Before you can decide if you agree or not maybe I should tell you more about each part of this acronym. From the need of reusing scholar data in research was born the idea of a consise and mesurable set of principles to endorse reusability, the FAIR principles. The idea is that those need to be available for humans but also in a machine readable format.
Challenge
Before looking for the answers below, try to answer with your current knowledge and perspective.
“How would you interpret each of this principles?”

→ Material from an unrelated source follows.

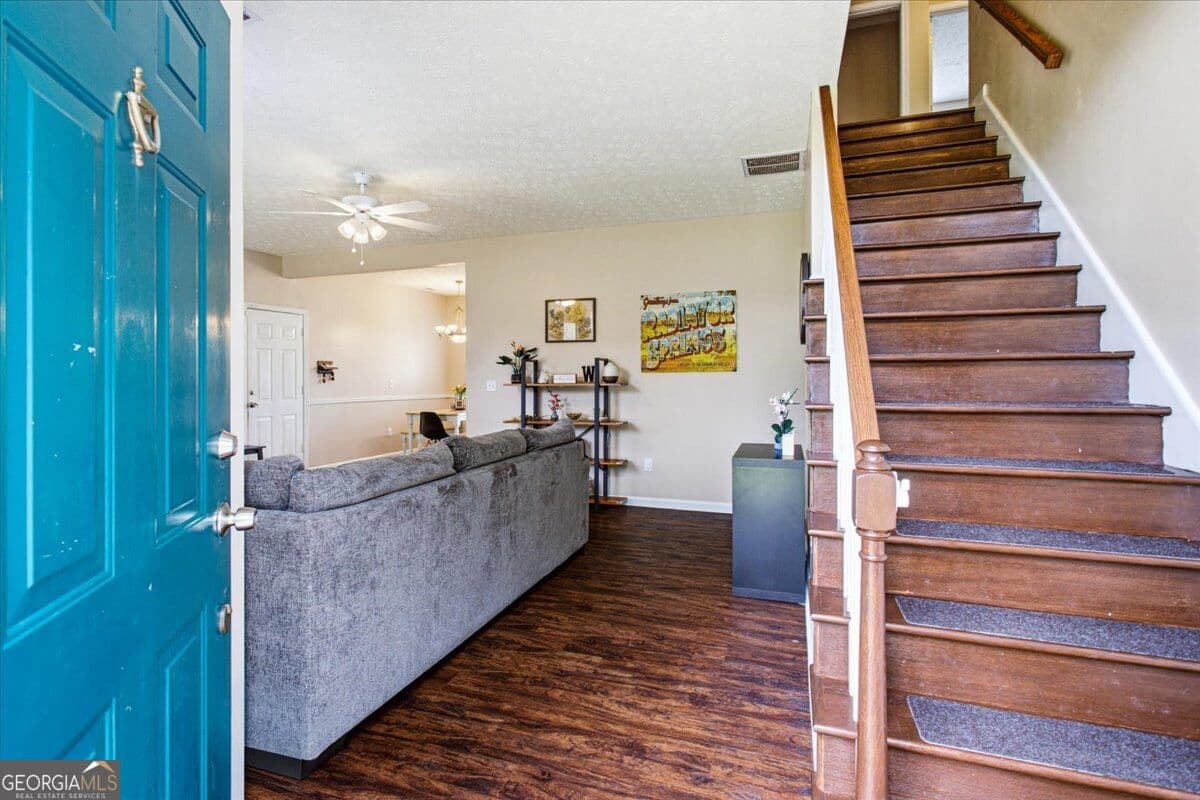 5 bedroom, 2.5 bathroom, 1,904 sq ft single family residence for sale at 43 Mosswood Court, Newnan, GA 30265 — photo 5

Elaborate shortly how you see each of them (in general and for training) and then compare with the text below:
- Findable:
- Accessible:
- Interoperable:
- Reusable:
The main goal of the FAIR principals is to SHARE. For training material, this includes extending, updating and modifying the material to a certain audiance or circumstances. To achieve this final goal the four principals can be organized in 10 rules Garcia et al. 2020. Findable:
For data, including training material, to be considered FINDABLE we need to take in consideration three rules. First the material needs to be described in such a way that humans and machines can find the material and its metadata, it needs to have a unique identifier and to be registered online in a catalogue or repository.
Accessible:
To be considered ACCESSIBLE, the most importante thing is to define access rules. It can be through licenses, a document stating the access rules or a policy, any of those will allow the person who finds it to know how it can be accessed and what is authorized to do with the material like sharing, re-using, modifying. In some cases the material might be restricted or closed, but its metadata can still be found and the rules for the accessibility are clearly stated.
Interoperable:
Working as expected in different operational systems (OS) and different platforms is the main idea behind Interoperability ! For now I take the liberty to say that, maybe, this is level is more complicated for training material than it is for scientific data, just because we’ve been worring about it for longer when it comes to data analysis. But as you will see in the session for training material, there are several types of training material and some of them will be easy to open in any OS, but not easily editable, extended or updated. You must be asking yourself : “So what is the perfect solution?”, in this case several technical solutions are available to us, some are preferable but the interoperability will vary according to specific considerations as you will see later in this lesson.
Reusable:
After carefully considering all of the above, you want to reuse some material or make your material reusable. Consider when it comes to training that there are two main groups that can reuse the materials: (1) the trainers and (2) the trainees. So as trainers, we annotate, describe and make the material all as clear as possible so that other trainers or the trainees can read, listen or watch and know what you mean independently of your presence. And keep your material up-to-date! That is probably easier by welcoming contributions, by using a collaboration platform like GitHub or similar, and by making clear statements of how someone can contribute.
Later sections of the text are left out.